The latest US employment figures on Friday underscored the bleak outlook: 1.8 million jobs were added in July, a sharp slowdown in job growth from the previous month. This means that the world’s largest economy has only recovered 42% of the jobs lost due to the coronavirus.

9:45 a.m .: Illinois tenants can apply for grants of $ 5,000 to cover unpaid rent due to COVID-19 starting today – and landlords are as follows

Illinois tenants who have been unable to pay their rent due to financial hardship related to the coronavirus can apply for one-time grants of $ 5,000 through a new state program starting Monday – and homeowners relief is the following.

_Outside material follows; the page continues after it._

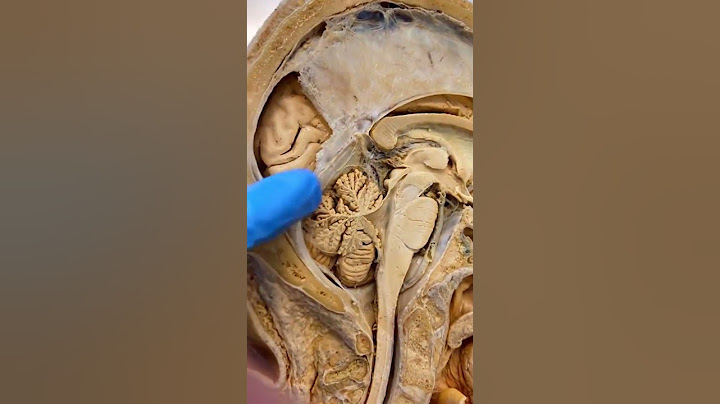 Esto es lo que conecta ambos lados de tu cerebro.. #shorts
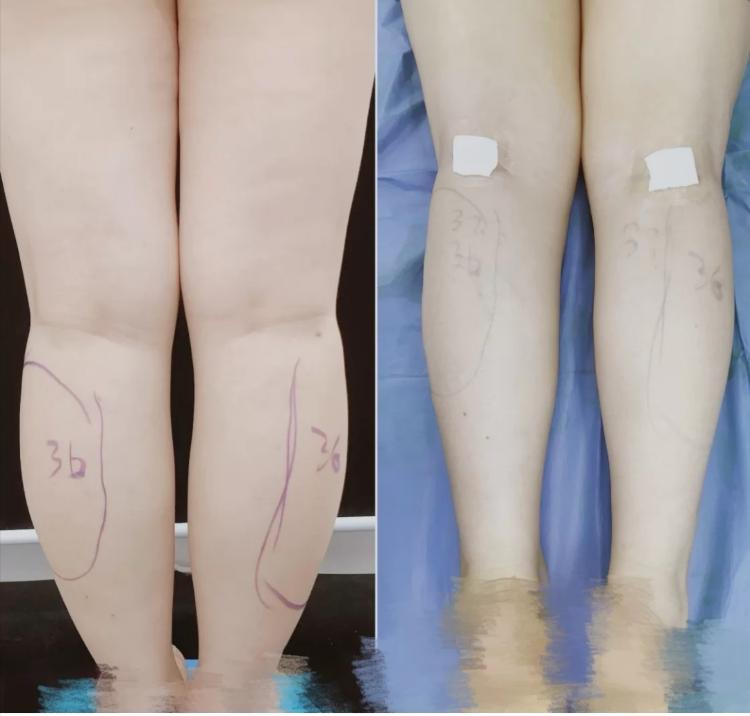 Cắt d&acirc;y thần kinh để l&agrave;m ch&acirc;n thon - phương ph&aacute;p l&agrave;m đẹp r&ugrave;ng rợn của giới trẻ - Ảnh 3.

The state will provide $ 300 million in rents and mortgages this fall to those affected by the COVID-19 pandemic, offering one-time grants of $ 5,000 for tenants and $ 15,000 for homeowners. The programs, administered by the Illinois Housing Development Authority, are funded by federal funds from the CARES (Coronavirus Aid, Relief and Economic Security) Act passed earlier this year.

Rental requests are available until August 21. Homeowners can apply for grants from August 24 to September 24. 4.

6 a.m .: COVID-19 shutdowns create mad race for ACT and SAT spots as college application season approaches

When it comes to getting a standardized test score in the COVID-19 onslaught, fate has been cruel for Illinois’ rising high school students. They were unable to take the SAT at their schools in April, and many ACT sessions were canceled in the spring and summer after testing sites, mostly schools, closed.

This led to a mad rush last week as aspiring candidates swarmed the ACT website trying to secure a spot this fall. ACT officials won’t say how many have been left out in the cold, but judging from the social media chatter, the number could be sizable.

“Two hours in line,” a parent wrote on ACT’s Facebook page. “When (I) have my turn, ALL September seats in Illinois and neighboring states are SUPPORTED. The first date available is December !!! Whoever is the genius who came up with this solution must look for a new job. “

Chaos is occurring even as colleges seek to assure applicants that standardized test scores will be optional this year. About 350 people have made the declaration since the start of the pandemic, including big names such as Northwestern, Notre Dame and the University of Illinois at Urbana-Champaign.

But parents and students interviewed by the Tribune do not buy it. They are still convinced that the lack of a good score will be a disadvantage in a competitive school.

Here are three things that happened this weekend in connection with COVID-19.